(SOURCE MATERIAL)

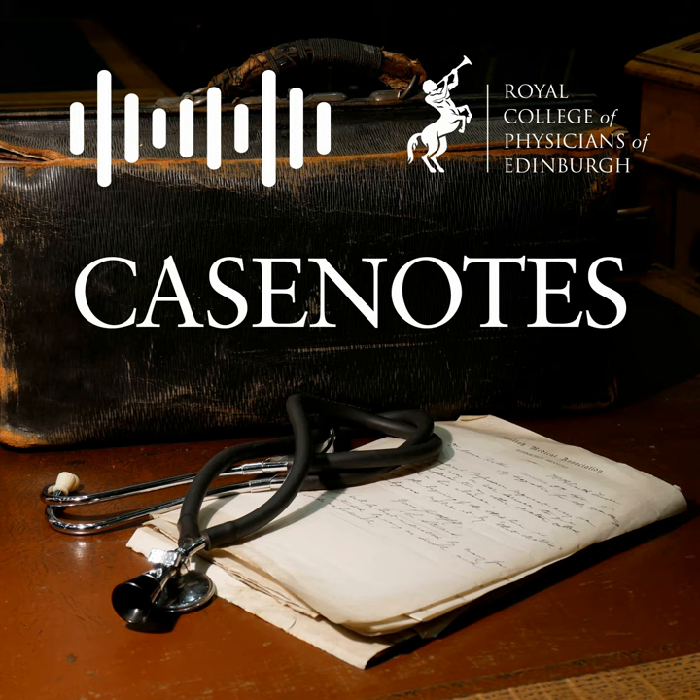Welcome to the Royal College of Physicians of Edinburgh's Case Notes podcast. Over the next few months we're going to work our way around the body head to toe, exploring different body parts and organs and their history in a cultural, medical, and social sense. We'll hear from a historian or curator about their work studying these body parts and their history, and finish each episode by exploring historical recipes developed to treat that part of the body.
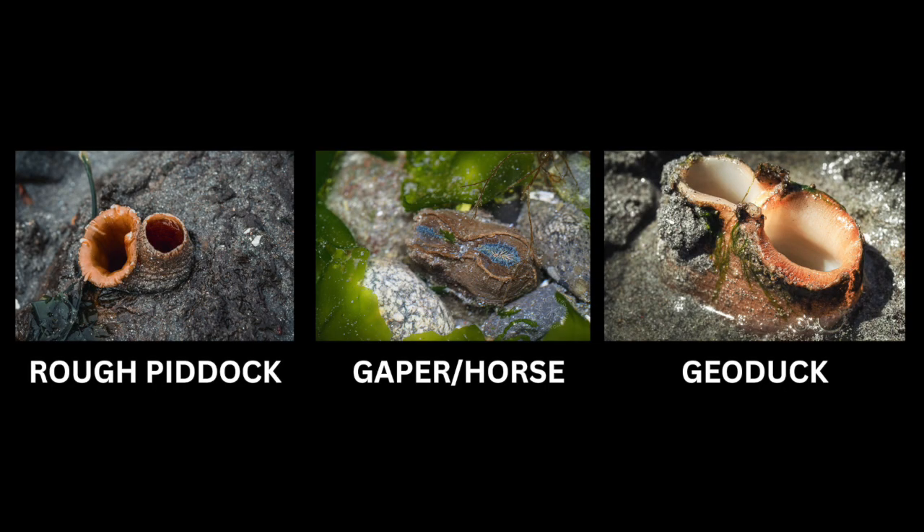We have a large variety of clams in the intertidal zone of Puget Sound. The rough piddock, the gaper or horse clam, and the iconic geoduck are three of our larger clams and can be easy to confuse. So let's dive in and learn how to tell them apart.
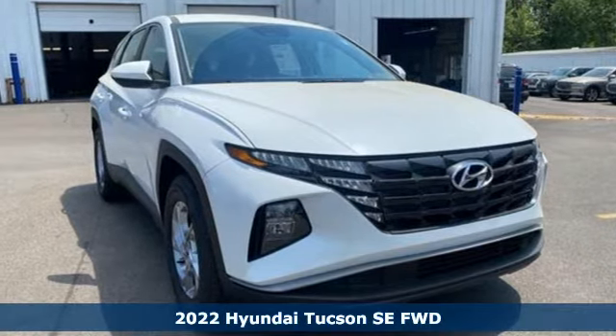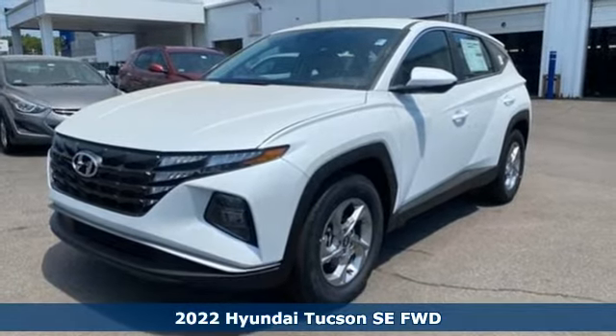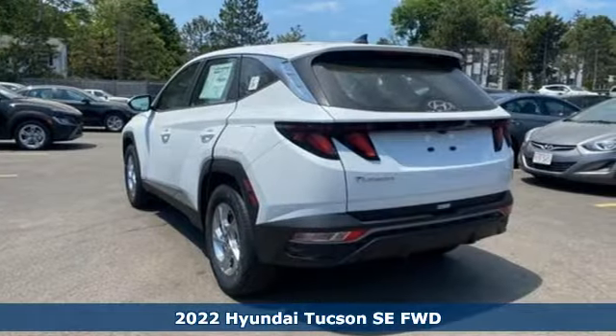Here's a new 2022 Hyundai Tucson — a striking compact SUV with flexible support for cargo carrying, carpooling, and comfortable commuting.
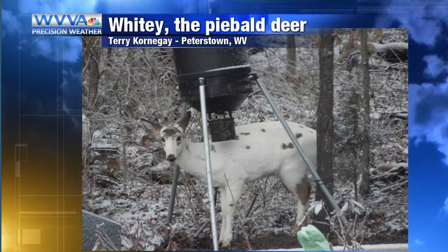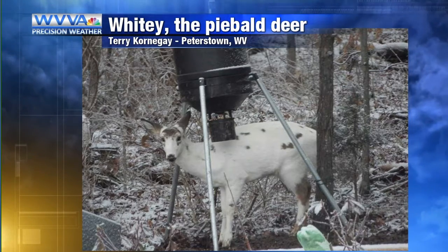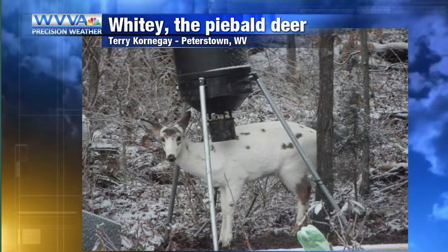Still with pigment, but it makes them look kind of speckled, which is really, really cool. You can see piebald birds and other animals as well. It's a really cool picture, Terry. Thanks for sending that in. I got a little lesson on piebaldism today.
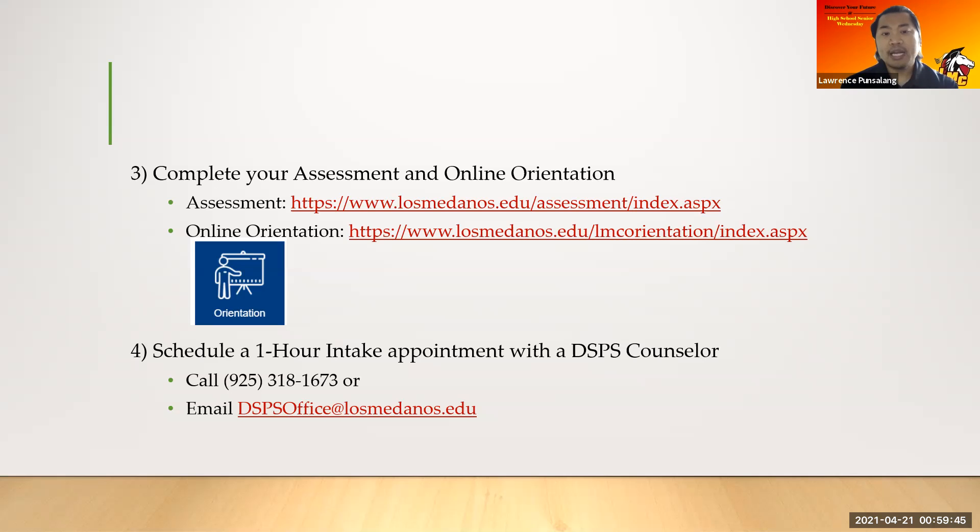How do you make that appointment with a DSPS counselor? Give us a call at our Google Voice number or send us an email.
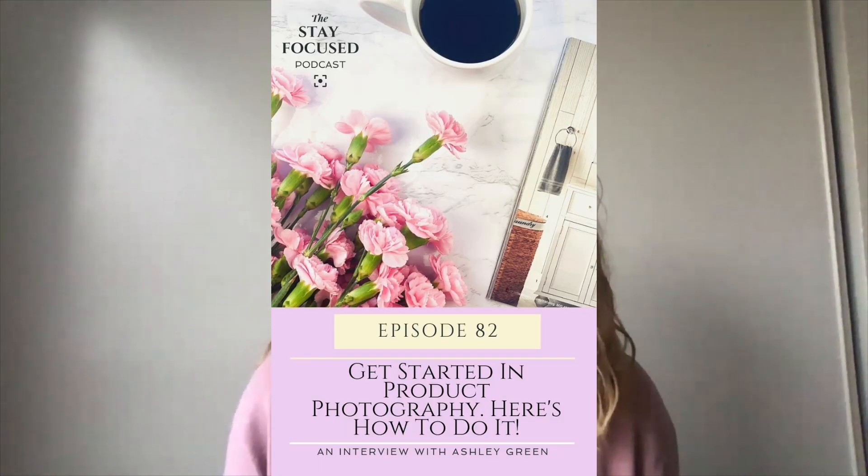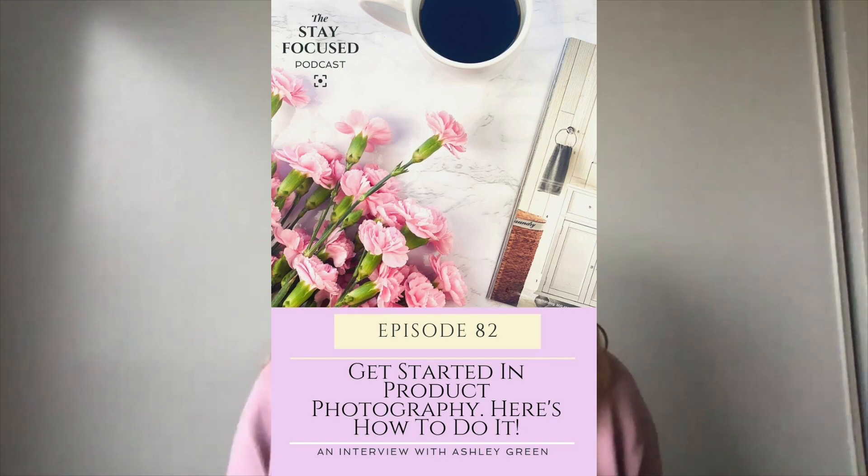In today's episode we're going to head over to the Stay Focused podcast where I'll give you some insight on how you can get started taking your own product and flat lay photos for under a hundred dollars. We talk about setup, lighting, and some challenges and how I overcame them.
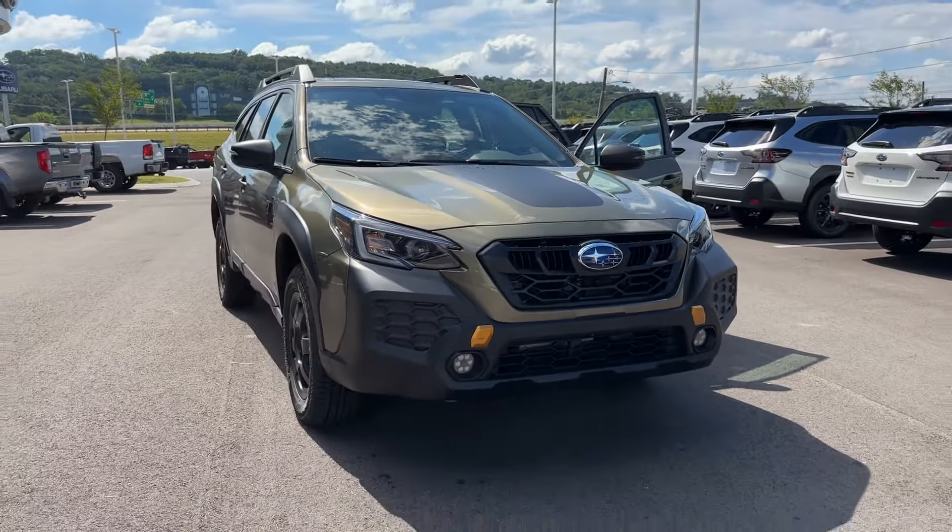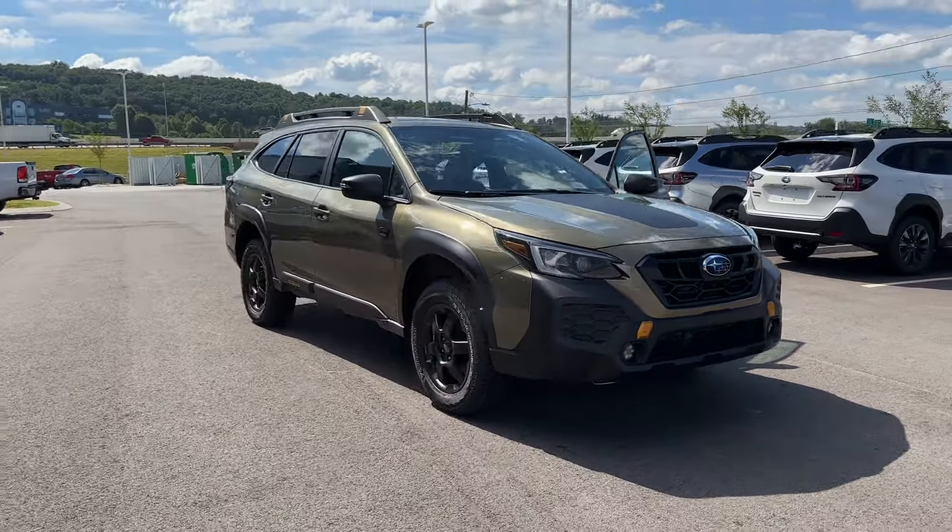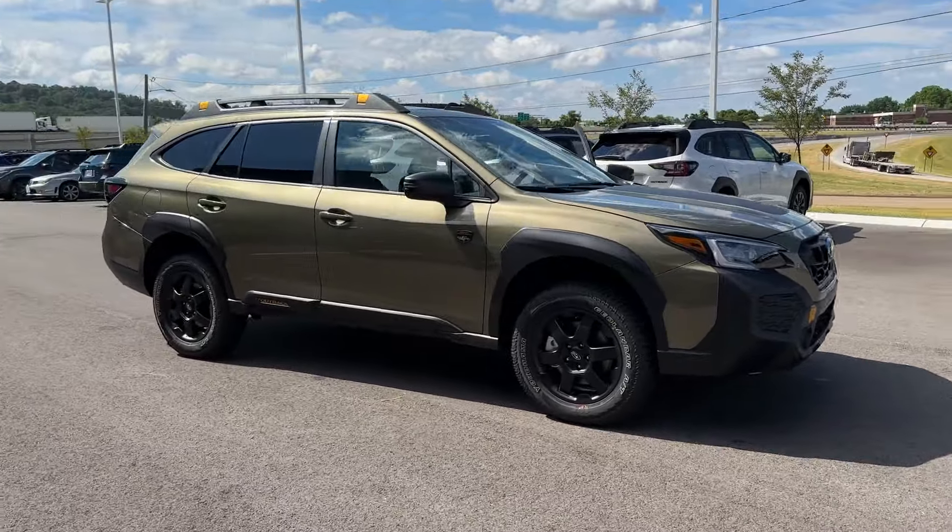2025 Subaru Outback. This SUV offers space as well as power and performance.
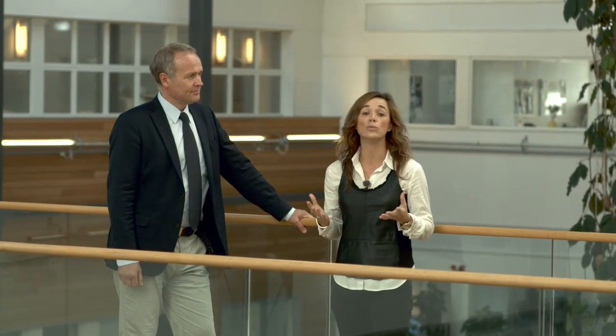I'm here at Dentsply Implants with Vice President of Global Marketing, Dr. Björn Delin, to discuss new product offers. Björn, can you tell me what does Dentsply Implants' total offer look like today?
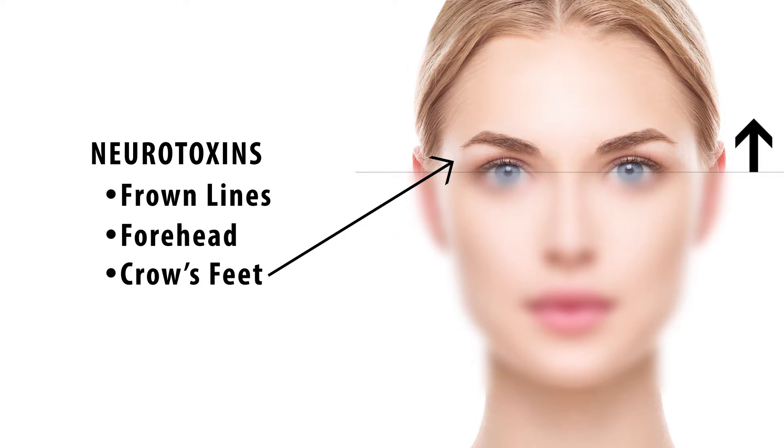Obviously, you can put Botox in other areas, and it has been used for migraine headaches, occipital headaches, and other areas as well. But cosmetically, these are the three most common areas. Sometimes we also use them in the lips for people that have lip lines or wrinkles above the lips.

(End SOURCE MATERIAL)

### AIM OF THE EXERCISE
Word for word and without pictures, please write out only the lines from the start of the entries through the line containing "How do you make", both included.

### ANSWER SPACE
Welcome to the Royal College of Physicians of Edinburgh's Case Notes podcast. Over the next few months we're going to work our way around the body head to toe, exploring different body parts and organs and their history in a cultural, medical, and social sense. We'll hear from a historian or curator about their work studying these body parts and their history, and finish each episode by exploring historical recipes developed to treat that part of the body.
We have a large variety of clams in the intertidal zone of Puget Sound. The rough piddock, the gaper or horse clam, and the iconic geoduck are three of our larger clams and can be easy to confuse. So let's dive in and learn how to tell them apart.
Here's a new 2022 Hyundai Tucson — a striking compact SUV with flexible support for cargo carrying, carpooling, and comfortable commuting.
Still with pigment, but it makes them look kind of speckled, which is really, really cool. You can see piebald birds and other animals as well. It's a really cool picture, Terry. Thanks for sending that in. I got a little lesson on piebaldism today.
How do you make that appointment with a DSPS counselor? Give us a call at our Google Voice number or send us an email.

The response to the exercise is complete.